MOTHERS ON TRIAL; The Battle for Children and Custody. By Phyllis Chesler. McGraw-Hill. 651 pp. $22.95.
I MOTHERS ON TRIAL, Phyllis Chesler tackles a problem of considerable magnitude: the increasing likelihood that a fit mother will lose her child to its father in a custody fight. Whether or not one accepts Chesler's skewed sample, which erroneously suggests that the mother who wins custody is rare, the problem is real and wrenching.
Ironically, the problem stems in part, as Chesler notes, from misguided feminist efforts. Rather than expend their energies on, say, improving the record of deadbeat fathers who don't pay child support, feminists fought instead to end alimony and to bind courts to sex-blind custody determinations. The result is even shorter rations for divorced mothers and, as Chesler points out, a greater likelihood that the father who sues for custody will win, frequently to the detriment of the child.

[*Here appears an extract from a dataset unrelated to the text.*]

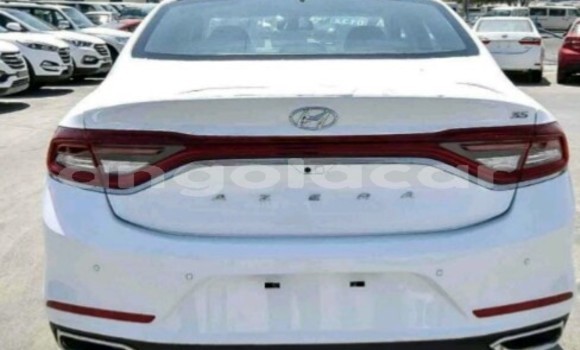 Buy New Hyundai Azera White Car in Luanda in Luanda Province Buy New Hyundai Azera White Car in Luanda in Luanda Province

The plight of these embattled women and children is so grim that even a dispassionate report on the situation would have been searing. Dispassion, however, is not Chesler's forte. Because the real story is lacking somewhat in drama, Chesler resorts to exaggeration and sometimes to misrpresentation, leaving her open to criticism for sloppy scholarship. Serious errors permeate her recitaion of the development of the law in this area. The best interests of the child, for example, were not, as Chesler states, "always seen as synonymous with paternal rights." To the contrary, at least until recently. Similarly, many of the reports of legal cases are incomplete or otherwise misleading; frequently Chesler merely repeats reports of cases from sources of dubious objectivity, e.g., militant feminist publications.

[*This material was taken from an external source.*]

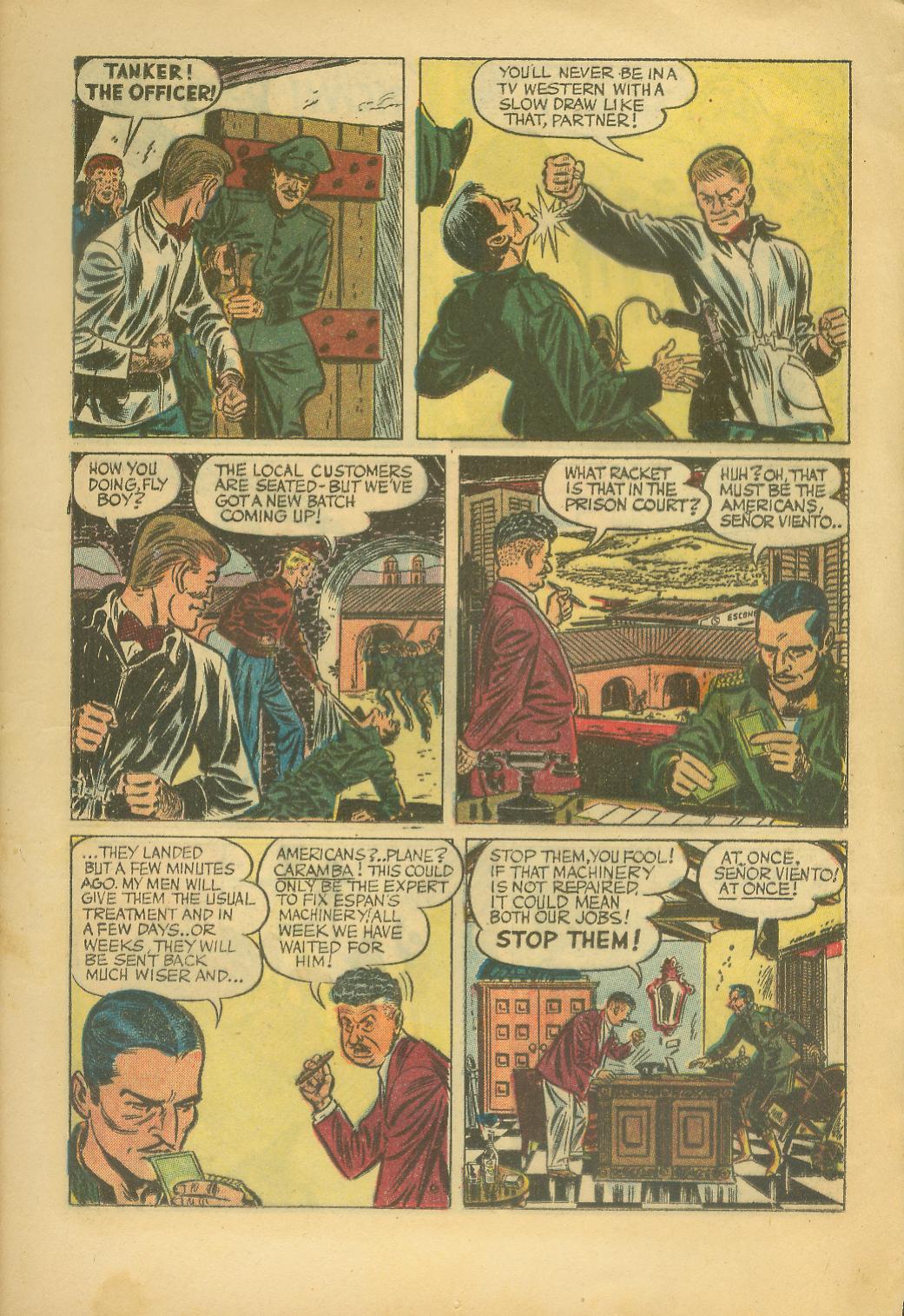 Read online Four Color Comics comic -  Issue #519 - 13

The undifferentiated outrage that Chesler brings to the recounting of each of her subjects' custody battles (60 mothers are included) is similarly destructive to the book's effectiveness. Too many of the women appear to even the most sympathetic reader to raise issues of fitness. Two of the many lesbian mothers Chesler includes, for example, were not merely openly gay but had together made and distributed a film about their and their children's unique arrangement titled "Sandy and Madeleine's Family." Quite possibly these women were treated unfairly in court, but one can imagine a not wholly frivolous argument being advanced by the custody-seeking fathers.

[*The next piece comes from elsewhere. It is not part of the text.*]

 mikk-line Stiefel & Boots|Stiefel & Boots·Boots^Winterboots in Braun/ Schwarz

Indeed, so uniformly enflamed is Chesler's book that one begins after a time to abreact uncomfortably. Many of the women who lost custody because their ex-husbands successfully cast doubt on their mental health, for instance, do begin to sound a bit dotty. "(He) was always secretive," the author quotes one mother describing her ex-husband. "For instance, whenever he went to the dentist, he refused to let me see the inside of his mouth."
Nor is Chesler's effectiveness helped by her frequent bizarre interpolations, e.g., "Abortion was, and still is, seen as an act of female violence against a helpless male fetus and against the fetus as private (male) property." "The unspoken passion in Gone with the Wind (as in so many other films) is that of father- daughter incest . . . . Bonnie is Rhett's child bride and Rhett's 'own' little female self." Or the following, which is found in the middle of Chesler's interview with a mother who is a topless dancer: "Naked women dancing are our fertility goddesses -- held in contempt. Nailed him to a cross, caged her genitals in shame. Continuous red neon breasts: obscene adoration, sacred love."
In the midst of this morass, the excellent points Chesler makes tend to be buried. Permit me to disinter them: Many divorcing fathers threaten custody suits with no desire to have the child but simply because the mother, out of fear of losing, will lower or abandon her request for child support in return for assured custody. Many mothers in custody battles are ill-served by the legal system, frequently because they are economically unable to enforce their rights; usually it is the child's father who creates that economic disadvantage by refusing to pay court-mandated support. Feminists have fought the wrong legislative fights. Societal standards would be laughable if they weren't so angering -- the father who changes one diaper is a hero; the mother who misses one PTA meeting is unnatural. That double standard works against mothers in custody fights as does a more familiar double standard -- a woman who has not been thoroughly circumspect both during and after marriage may find herself in real danger of losing her children. Judges frequently impose other standards of breathtaking arbitrariness. Most important, children are suffering. All of these matters should be addressed -- by the courts and the legislature, and by society. Alas, the use of Chesler's book as a weapon for change is limited; those opposed to its laudable ends may too easily employ the book's flaws to defuse, refute, and dismiss it.